Required action ▸ The answer must be the full listing, repeated word for word.

━━━━━ Data ━━━━━

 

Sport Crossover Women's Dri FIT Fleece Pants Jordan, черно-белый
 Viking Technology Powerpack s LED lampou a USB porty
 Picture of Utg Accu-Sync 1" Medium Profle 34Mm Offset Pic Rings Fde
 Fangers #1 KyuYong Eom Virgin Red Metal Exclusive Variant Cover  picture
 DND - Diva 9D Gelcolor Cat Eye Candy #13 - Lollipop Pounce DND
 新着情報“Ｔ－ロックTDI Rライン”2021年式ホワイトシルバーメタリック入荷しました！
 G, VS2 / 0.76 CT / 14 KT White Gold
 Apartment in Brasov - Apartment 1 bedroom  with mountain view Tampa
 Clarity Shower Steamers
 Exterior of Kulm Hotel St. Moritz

━━━━━

Answer to this task ▸
Sport Crossover Women's Dri FIT Fleece Pants Jordan, черно-белый
 Viking Technology Powerpack s LED lampou a USB porty
 Picture of Utg Accu-Sync 1" Medium Profle 34Mm Offset Pic Rings Fde
 Fangers #1 KyuYong Eom Virgin Red Metal Exclusive Variant Cover  picture
 DND - Diva 9D Gelcolor Cat Eye Candy #13 - Lollipop Pounce DND
 新着情報“Ｔ－ロックTDI Rライン”2021年式ホワイトシルバーメタリック入荷しました！
 G, VS2 / 0.76 CT / 14 KT White Gold
 Apartment in Brasov - Apartment 1 bedroom  with mountain view Tampa
 Clarity Shower Steamers
 Exterior of Kulm Hotel St. Moritz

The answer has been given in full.